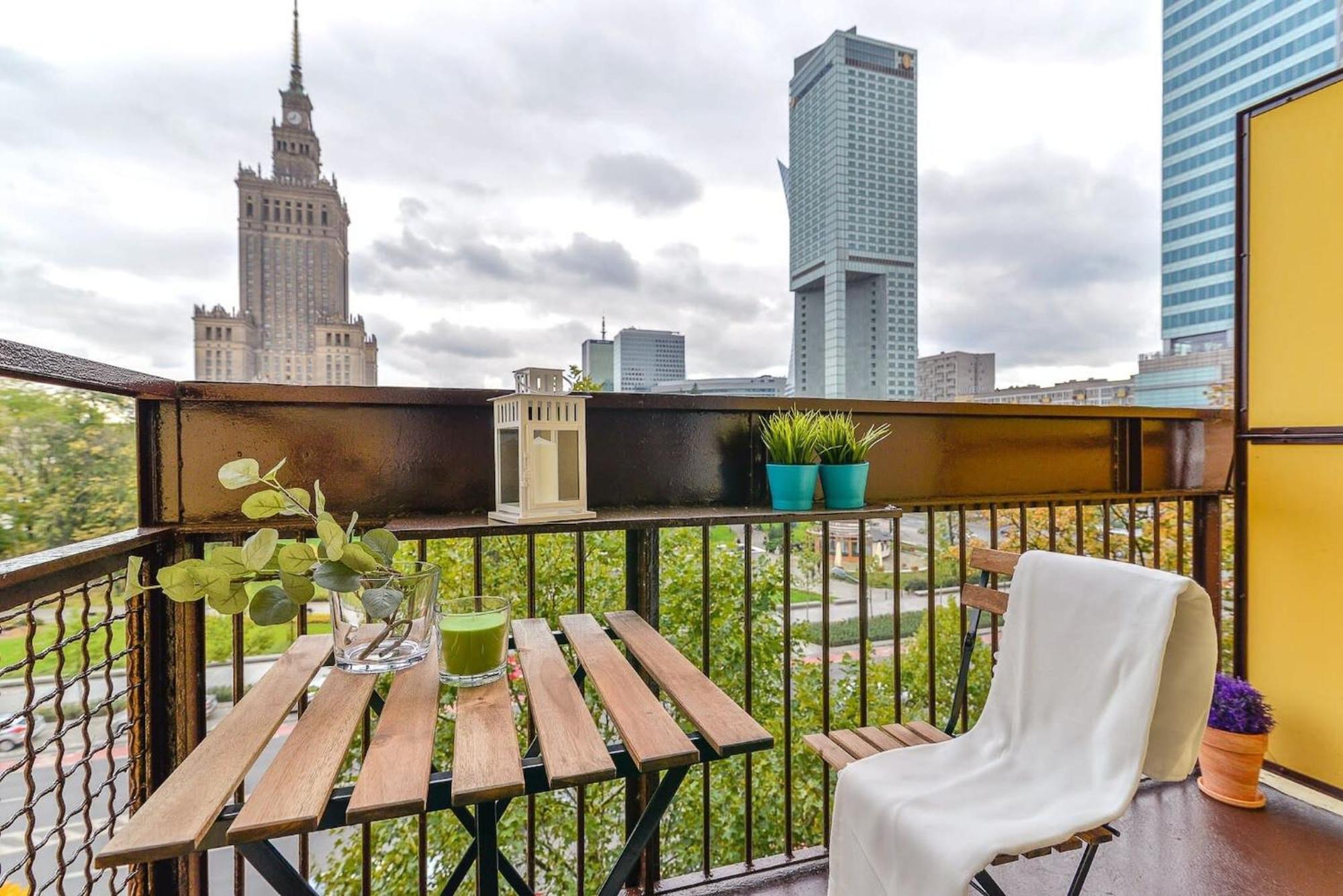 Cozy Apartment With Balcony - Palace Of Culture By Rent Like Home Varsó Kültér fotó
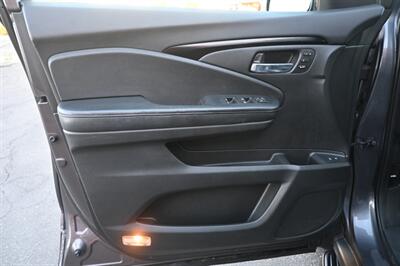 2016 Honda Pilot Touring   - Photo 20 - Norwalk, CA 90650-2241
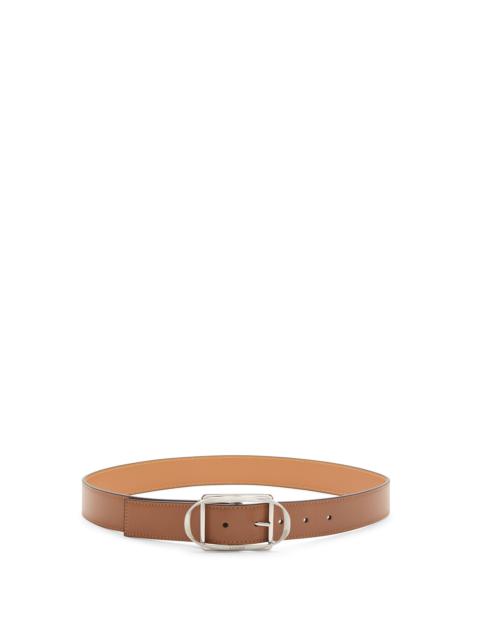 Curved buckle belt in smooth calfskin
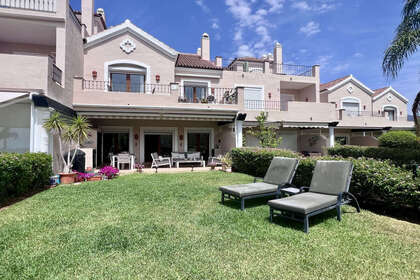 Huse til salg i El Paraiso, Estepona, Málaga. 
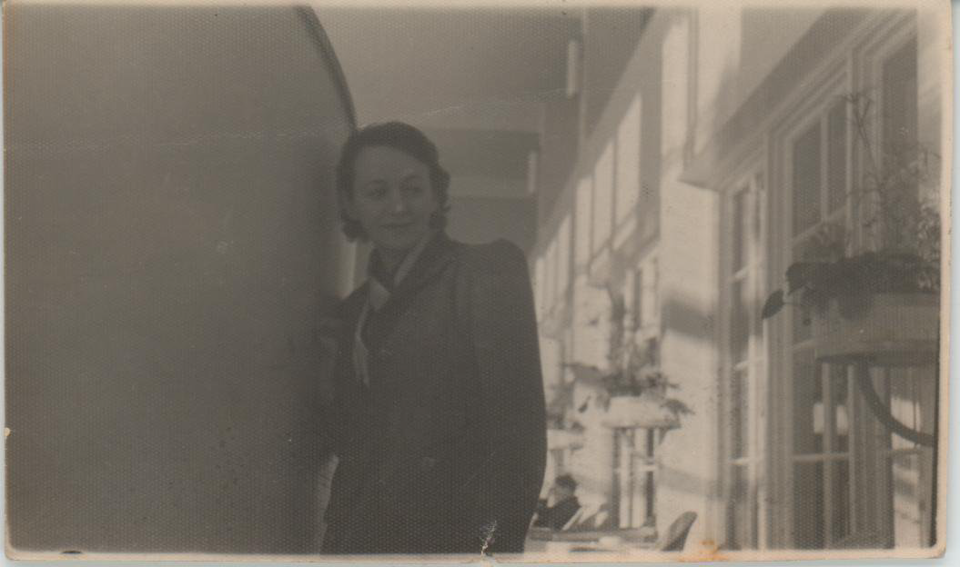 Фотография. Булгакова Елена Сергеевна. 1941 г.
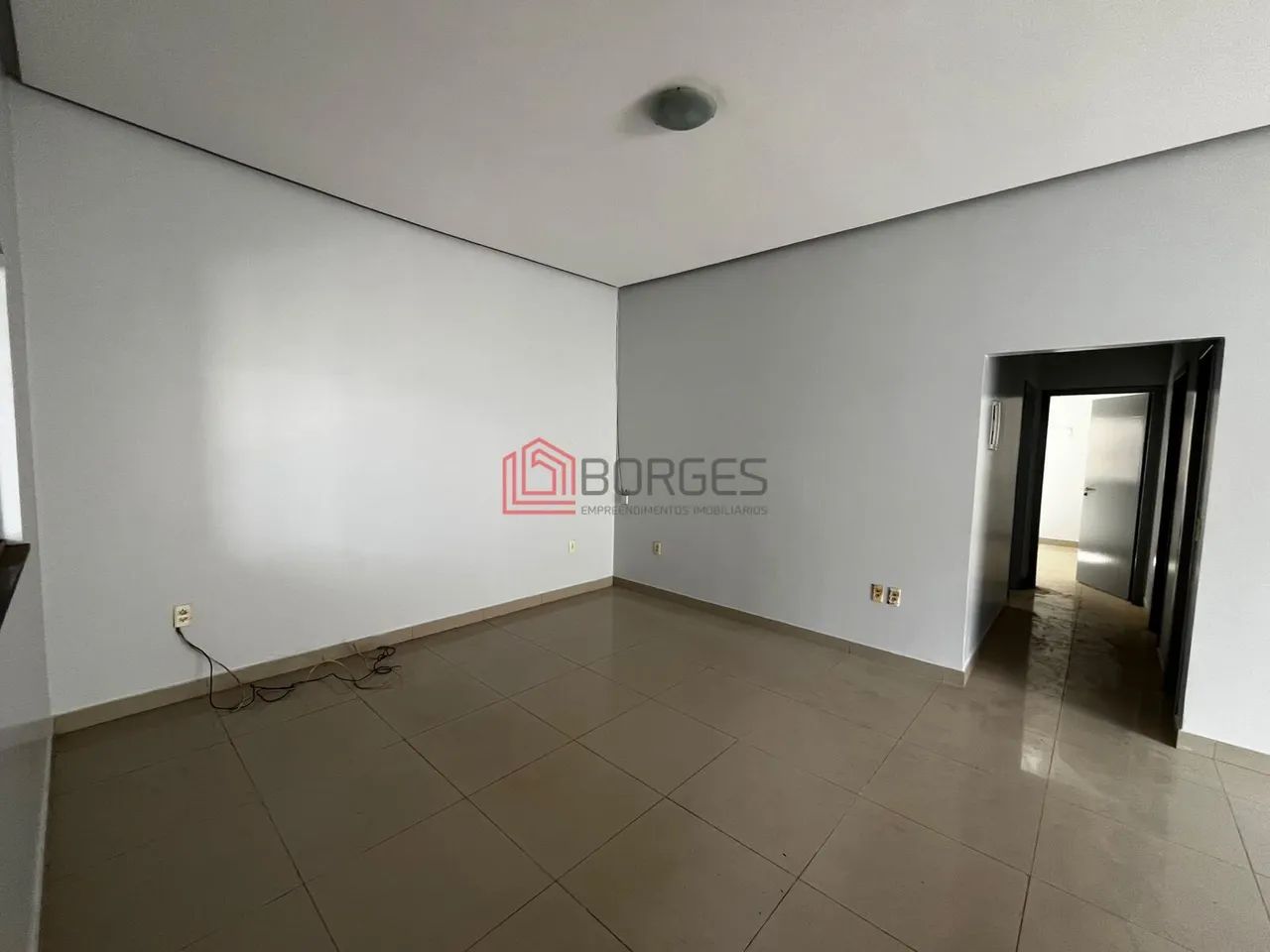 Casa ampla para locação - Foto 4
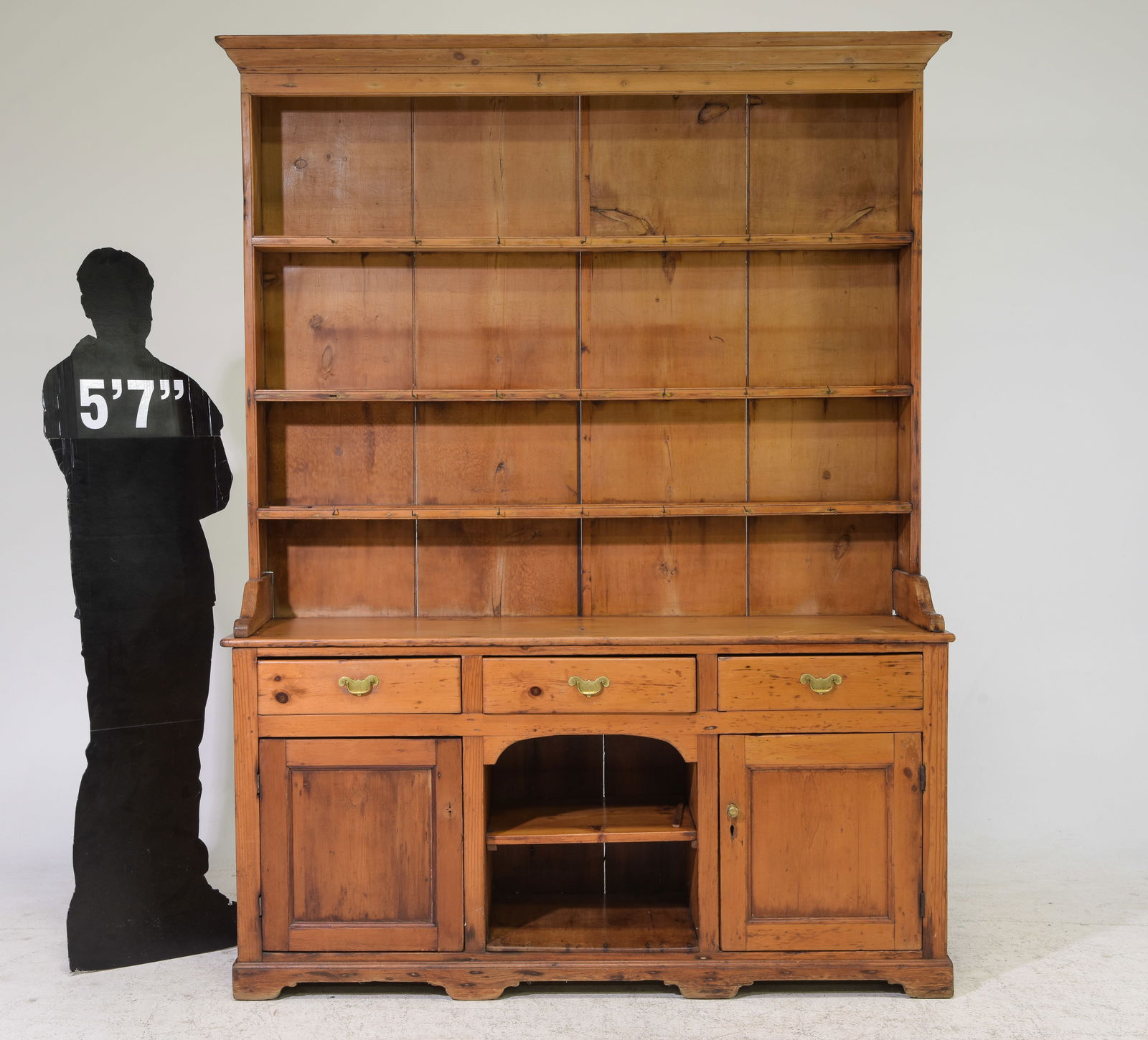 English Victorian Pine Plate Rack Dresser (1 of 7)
————————
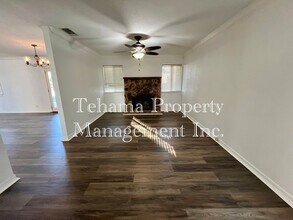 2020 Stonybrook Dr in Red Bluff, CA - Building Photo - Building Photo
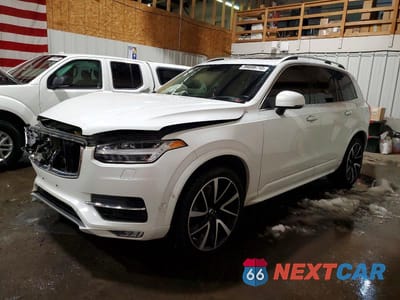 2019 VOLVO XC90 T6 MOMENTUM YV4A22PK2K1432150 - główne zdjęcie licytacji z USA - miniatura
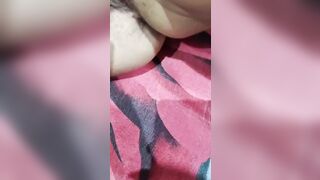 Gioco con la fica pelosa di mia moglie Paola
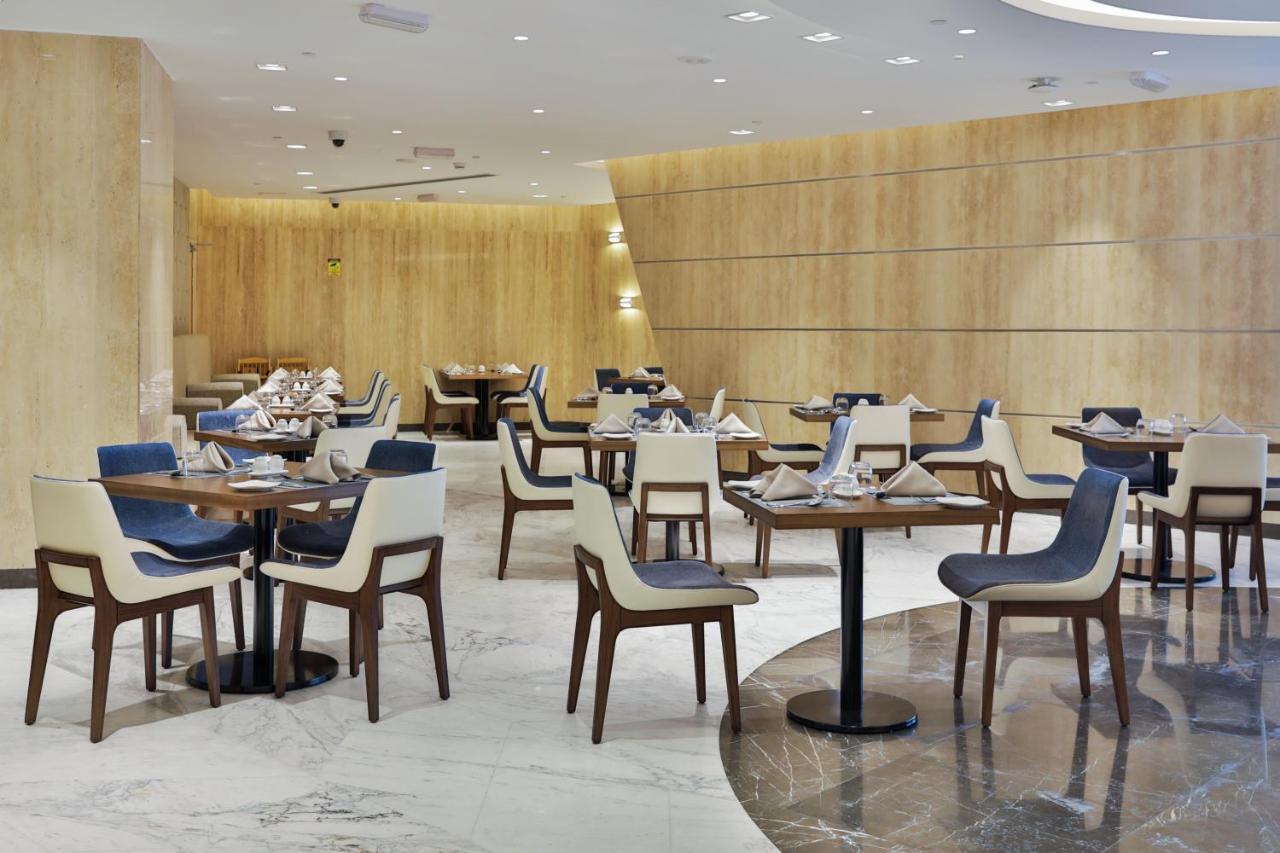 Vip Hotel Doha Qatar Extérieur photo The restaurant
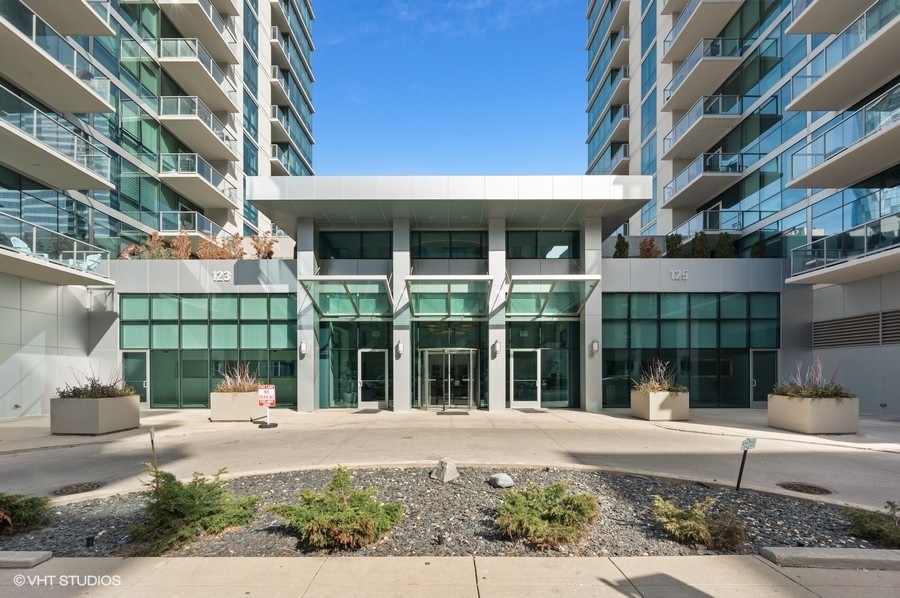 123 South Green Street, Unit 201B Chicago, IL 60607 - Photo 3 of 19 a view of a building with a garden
————————
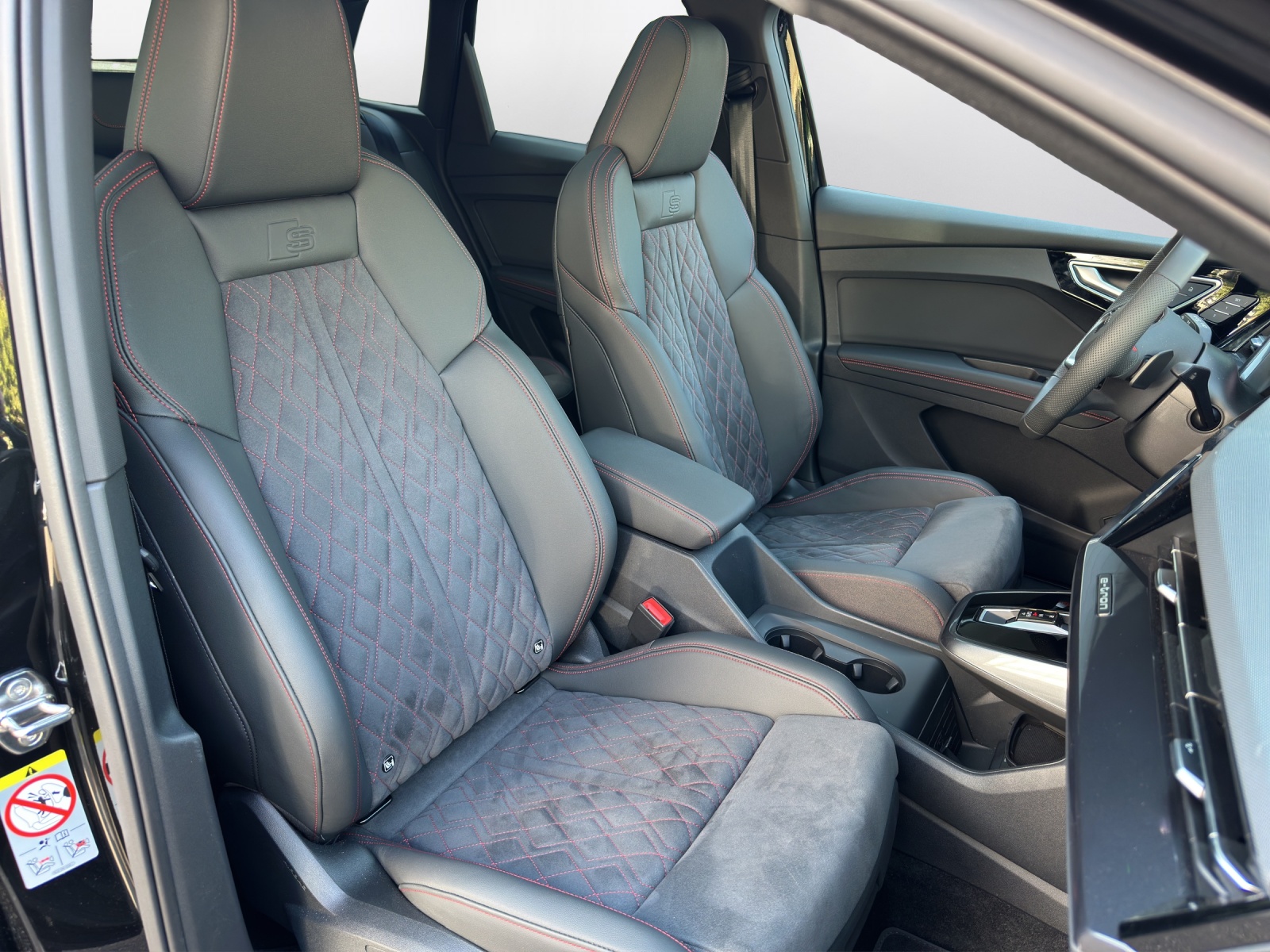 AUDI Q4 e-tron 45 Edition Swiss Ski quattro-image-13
————————
Copy only this from above: the line containing "Gioco con la fica pelosa di mia moglie Paola", the line containing "123 South Green", and all lines between, printed exactly. Leave out the pictures.

Exercise solution
 Gioco con la fica pelosa di mia moglie Paola
 Vip Hotel Doha Qatar Extérieur photo The restaurant
 123 South Green Street, Unit 201B Chicago, IL 60607 - Photo 3 of 19 a view of a building with a garden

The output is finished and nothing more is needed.